Une explosion qui est surtout due à un désengagement international préoccupant. Depuis plusieurs mois, les financements humanitaires se tarissent, conséquence d’un recentrage des priorités globales et de tensions persistantes entre le gouvernement fédéral et certaines agences de coopération. Résultat : les centres de santé sont débordés, sous-équipés, et les denrées alimentaires de secours manquent cruellement.
À cette asphyxie budgétaire s’ajoutent les effets dévastateurs de l’inflation, qui rend inaccessibles les produits alimentaires de base pour les familles pastorales déjà fragilisées par des années de sécheresse. Dans une région où l’économie repose en grande partie sur l’élevage nomade, la perte du cheptel sonne souvent comme une condamnation.

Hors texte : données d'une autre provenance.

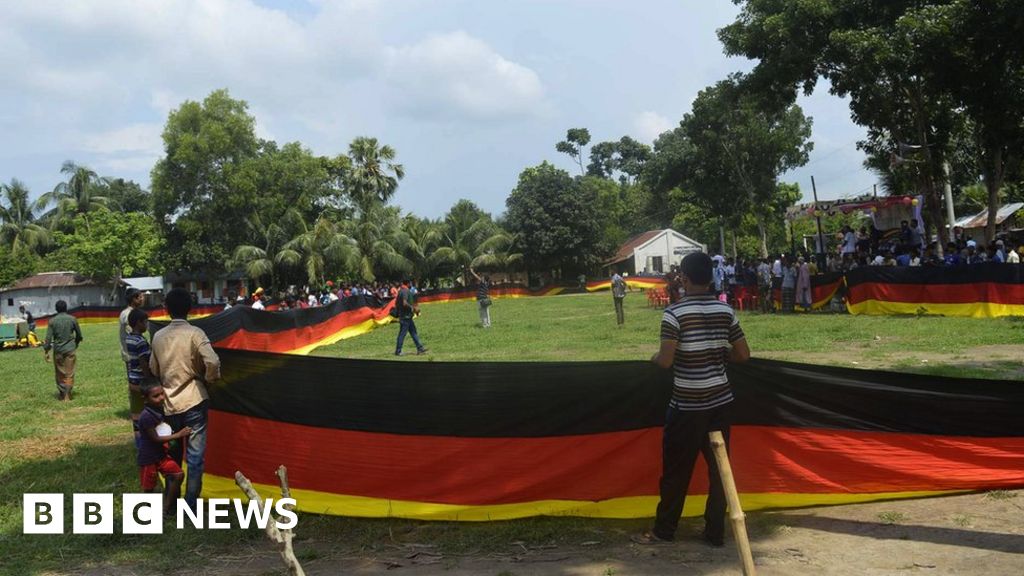 Farmer sews 'longest' German flag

Mais plus inquiétant encore, c’est l’accès à l’aide humanitaire elle-même qui est entravé. Routes impraticables, lenteurs bureaucratiques, restrictions imposées aux ONG sur le terrain : autant de barrières qui compliquent chaque livraison, chaque prise en charge. Et ce, dans une région historiquement marginalisée, où le sentiment d’abandon par le pouvoir central est profondément enraciné.
Silence diplomatique, indifférence politique
Pendant que la situation empire, les grandes capitales gardent le silence, trop absorbées par d’autres foyers de tension dans la Corne de l’Afrique. Quant au gouvernement éthiopien, il communique peu sur les chiffres de la malnutrition, préférant mettre en avant ses efforts de reconstruction post-conflit au Tigré ou ses ambitions économiques nationales.
Sur le terrain, les ONG font ce qu’elles peuvent, mais les besoins explosent plus vite que les capacités de réponse. Sans un sursaut rapide de la communauté internationale — tant en termes de financement que d’accès sécurisé pour les humanitaires —, la crise nutritionnelle dans l’Afar pourrait devenir l’un des drames silencieux de l’année 2025.
Et comme souvent, les premières victimes sont les enfants.